DARTS在浅层网络上搜索,在深层网络上评估(cifar search in 8-depth, eval in 20-depth)。
This brings an issue named the depth gap (see Figure 1(a)), which means that the search stage finds some operations that work well in a shallow architecture, but the evaluation stage actually prefers other operations that fit a deep architecture better.
Such gap hinders these approaches in their application to more complex visual recognition tasks.
Contribution
propose Progressive DARTS (P-DARTS), a novel and efficient algorithm to bridge the depth gap.
Bring two questions:
Q1: While a deeper architecture requires heavier computational overhead
we propose search space approximation which, as the depth increases, reduces the number of candidates (operations) according to their scores in the elapsed search process.
Q2:Another issue, lack of stability, emerges with searching over a deep architecture, in which the algorithm can be biased heavily towards skip-connect as it often leads to rapidest error decay during optimization, but, actually, a better option often resides in learnable operations such as convolution.
we propose search space regularization, which (i) introduces operation-level Dropout [25] to alleviate the dominance of skip-connect during training, and (ii) controls the appearance of skip-connect during evaluation.
Method
search space approximation
在初始阶段,搜索网络相对较浅,但是cell中每条边上的候选操作最多(所有操作)。在阶段 \(S_{k-1}\)中,根据学习到的网络结构参数(权值)来排序并筛选出权值(重要性)较高的 \(O_k\) 个操作,并由此搭建一个拥有 \(L_k\) 个cell的搜索网络用于下一阶段的搜索,其中, \(L_k > L_{k-1} , O_k < O_{k-1}\) .
这个过程可以渐进而持续地增加搜索网络的深度,直到足够接近测试网络深度。
search space regularization
we observe that information prefers to flow through skip-connect instead of convolution or pooling, which is arguably due to the reason that skip-connect often leads to rapid gradient descent.
实验结果表明在本文采用的框架下,信息往往倾向于通过skip-connect流动,而不是卷积。这是因为skip-connect通常处在梯度下降最速的路径上。

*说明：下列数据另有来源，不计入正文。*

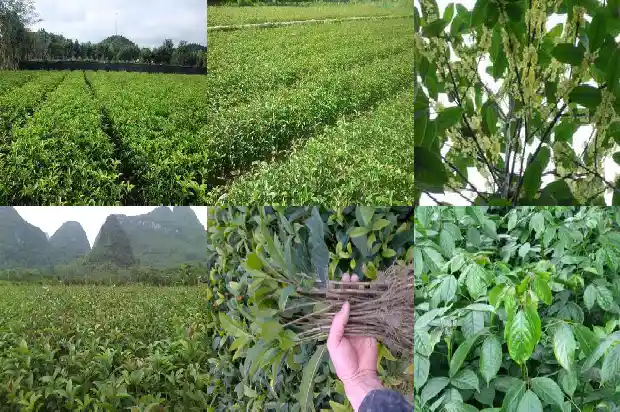 庭院里适合种桂花树吗1681866679138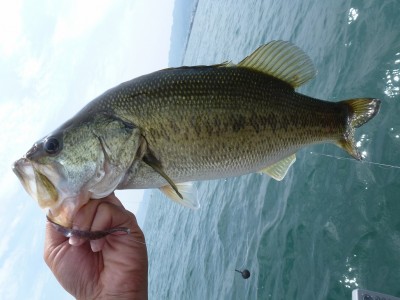 truth news ブログ写真 2012/06/08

the search process tends to generate architectures with many skip-connect operations, which limits the number of learnable parameters and thus produces unsatisfying performance at the evaluation stage.
在这种情况下,最终搜索得到的结构往往包含大量的skip-connect操作,可训练参数较少,从而使得性能下降。
We address this problem by search space regularization, which consists of two parts.
First, we insert operation-level Dropout [25] after each skip-connect operation, so as to partially ‘cut off’ the straightforward path through skip-connect, and facilitate the algorithm to explore other operations.
作者采用搜索空间正则来解决这个问题。一方面,作者在skip-connect操作后添加Operations层面的随机Dropout来部分切断skip-connect的连接,迫使算法去探索其他的操作。
However, if we constantly block the path through skip-connect, the algorithm will drop them by assigning low weights to them, which is harmful to the final performance.
然而,持续地阻断这些路径的话会导致在最终生成结构的时候skip-connect操作仍然受到抑制,可能会影响最终性能。
we gradually decay the Dropout rate during the training process in each search stage, thus the straightforward path through skip-connect is blocked at the beginning and treated equally afterward when parameters of other operations are well learned, leaving the algorithm itself to make the decision.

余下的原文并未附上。